The other material facts are referred to in the opinion.
The judge found for the defendant; and the plaintiff alleged an exception “upon the ground that as a matter of law the evidence in the case is not sufficient to support the finding that the plaintiff received no substantial injury, and the finding in favor of the defendant.”
T. H. Russell, for the plaintiff.
J. L. Hall, for the defendant, was not called upon.
Loring, J.
This case comes to us on an exception to a finding made by a judge who tried the case without a jury. The exception is "upon the ground that as a matter of law the evidence in the case is not sufficient to support the finding that the plaintiff received no substantial injury, and the finding in favor of the defendant.” This exception was taken after the finding was made and no rulings were asked for by the plaintiff at the trial.
The plaintiff, a passenger on one of the defendant’s trains, was in the act of stepping from the platform to the top step to alight at her destination, when through the defendant’s negligence the train started prematurely. Her evidence tended to show that she was thrown on to the edge of the platform, first back against the •car and then forward against the railing, and was injured in her abdomen and spine. The evidence introduced by the defendant was to the effect that “she did not fall” at all and received no injuries at the time. In the conflict of evidence it was for the judge to decide which of the two was the true version of the accident. We have no jurisdiction to review findings of fact. As matter of law the evidence authorized the finding which was made in the case at bar.
In his finding the judge dealt with the case in detail. His finding ends with these words: “Neither from her account of what occurred at the train nor from her subsequent experience am I able to say she has satisfied me that she received any substantial injury.” The plaintiff’s principal argument is based upon the theory that the judge believed the plaintiff, and believing the plaintiff was wrong as matter of law in this finding. But that is not the true construction of his finding. Earlier in his finding the judge says: “I am satisfied that she did not fall at all,” while the plaintiff testified that she did.
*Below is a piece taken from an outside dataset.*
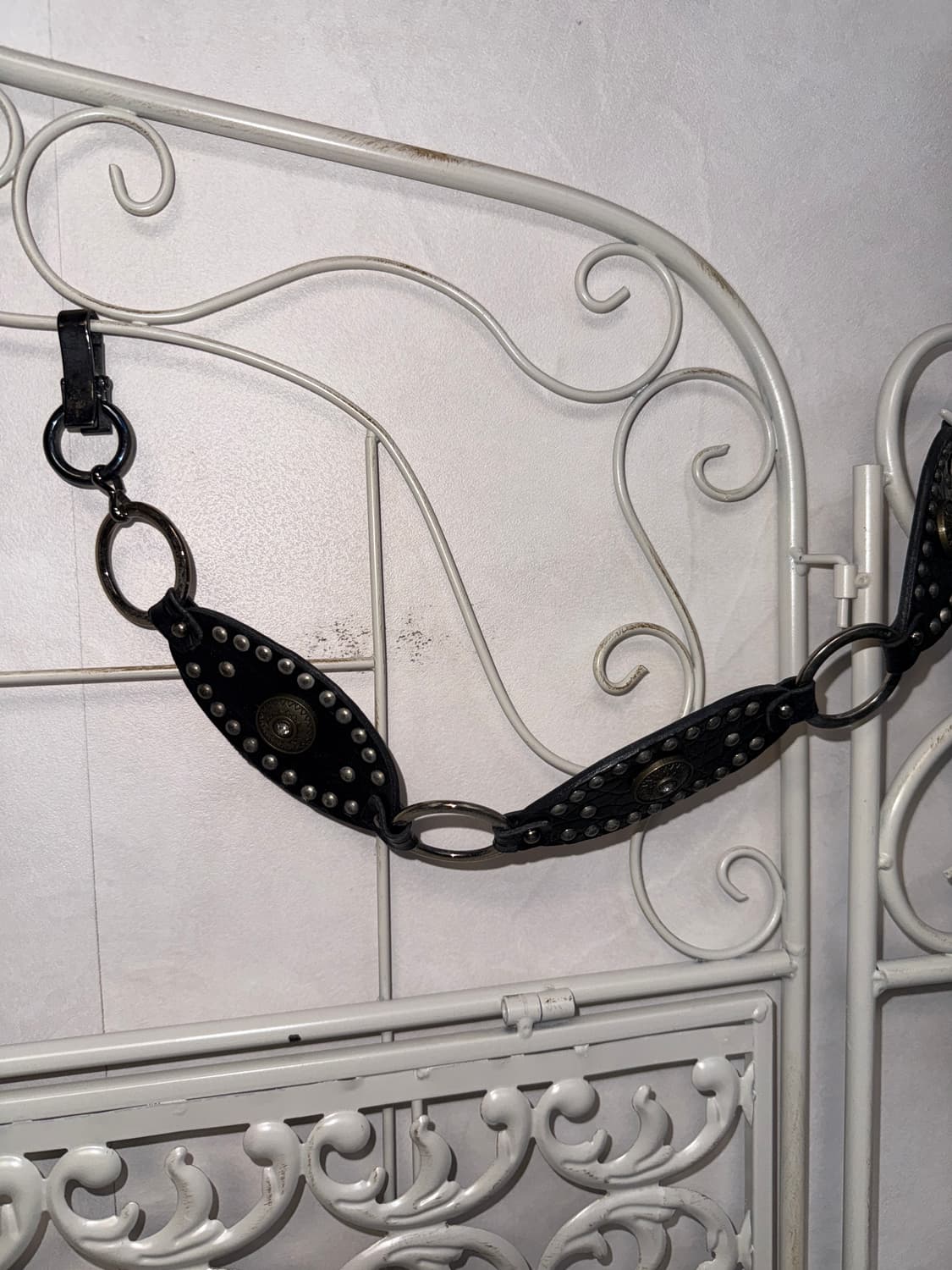 Black bold western stud chain belt 상품이미지2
Manifestly what the judge meant *326was that the plaintiff’s "account of what occurred at the train” and her account of “her subsequent experience” taken in connection with the other evidence in the case had not satisfied him that she received any substantial injury. Under these circumstances it is not necessary to consider whether this argument is open to the plaintiff under the exception which was taken by her.
Exceptions overruled.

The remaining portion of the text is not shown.